- Location: Wairoa district, Hawkes Bay region, North Island
- Coordinates: 39°2′34″S 177°33′7″E﻿ / ﻿39.04278°S 177.55194°E
- Type: Coastal lagoon
- Etymology: From Te Reo Maori, verb: "fill", "filling"
- Surface area: 607 ha (1,500 acres)

= Whakakī Lagoon =

Whakakī lagoon is a small coastal lagoon found on the east coast of New Zealand's North Island and is a part of the Hawke's Bay region. The shoreline and sediment bed are mainly composed of sapric soil from nearby farming runoff and lithic sand from the sand bank of the neighboring Whakakī beach.

==Geography==
Whakaki Lagoon is the largest and easternmost of a string of lagoons which run close to the northern cost of Hawke Bay. Other lagoons in the chain (from west to east) include Ngamotu Lagoon, Ohuia Lagoon, Wairau Lagoon, and Te Paeroa Lagoon.

Whakaki Lagoon is located between State Highway 2 and Whakaki Beach. Because of this both Whakaki lagoon and Whakaki beach are known fishing areas. Whakaki has no or very small outlet to the ocean; during high rainfalls the lagoon needs to be manually let out.

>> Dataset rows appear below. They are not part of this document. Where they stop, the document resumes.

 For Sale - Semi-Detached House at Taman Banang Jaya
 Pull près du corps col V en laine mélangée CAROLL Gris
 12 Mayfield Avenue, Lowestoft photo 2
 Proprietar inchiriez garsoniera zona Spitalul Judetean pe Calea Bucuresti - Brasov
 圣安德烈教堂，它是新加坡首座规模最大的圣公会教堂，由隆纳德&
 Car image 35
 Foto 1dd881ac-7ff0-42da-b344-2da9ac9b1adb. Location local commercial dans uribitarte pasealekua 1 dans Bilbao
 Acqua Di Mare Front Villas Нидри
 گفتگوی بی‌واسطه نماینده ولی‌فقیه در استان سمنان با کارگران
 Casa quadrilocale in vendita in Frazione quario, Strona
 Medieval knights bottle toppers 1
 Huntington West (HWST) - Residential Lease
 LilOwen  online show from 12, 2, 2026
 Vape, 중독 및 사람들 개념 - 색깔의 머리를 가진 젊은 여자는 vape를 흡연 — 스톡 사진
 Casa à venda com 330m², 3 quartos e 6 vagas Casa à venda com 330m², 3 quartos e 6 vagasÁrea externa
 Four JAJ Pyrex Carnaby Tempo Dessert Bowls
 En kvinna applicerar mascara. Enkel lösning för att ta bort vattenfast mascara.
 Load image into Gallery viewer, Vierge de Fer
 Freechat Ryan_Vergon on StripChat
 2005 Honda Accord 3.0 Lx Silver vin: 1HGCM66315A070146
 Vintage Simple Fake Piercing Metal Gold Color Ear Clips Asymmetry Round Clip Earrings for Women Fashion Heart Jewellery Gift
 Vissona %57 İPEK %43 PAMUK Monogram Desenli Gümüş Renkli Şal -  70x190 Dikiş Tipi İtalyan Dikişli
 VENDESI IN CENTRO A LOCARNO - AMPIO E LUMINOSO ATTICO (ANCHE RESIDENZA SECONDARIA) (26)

Local folklore says that seven mountains in the nearby area (Hikunui, Iwitea, Korito, Takitaki, Onepoto, Tahutoria, and Tuhara) were a group of seven whales which were turned to stone when they failed to return home.

==Biota==
Source:
===Flora===
- Noninvasive Flora
  - Gorse (Ulex europaeus)
  - Sweet briar (Rosa rubiginosa)
  - Boxthorn (Lycium ferocissimum)
  - Marram grass (Amophilla arnearia)
  - Pampas grass (Cortaderia selloana)
  - Lupin (Lupinus arboreus)
  - Iceplant (Carpobrotus edulis)
- Invasive flora
  - Blackberry (Rubus fruticous)
  - Boneseed (Chrysanthemoides monilifera)

===Fauna===

- Aquatic fauna
  - Shortfin eel (Anguilla australis)
  - Inanga (Galaxias species)
  - Goldfish/Carp (Carassius auratus)
  - Common bully (Gobiomorphus cotidianus)
- Amphibian fauna
  - Goose species (of family Anatidae)
  - Duck species (of family Anatidae)
  - Common shelduck (of family Anatidae)
- Terrestrial fauna
  - Common rabbit (Oryctolagus cuniculus)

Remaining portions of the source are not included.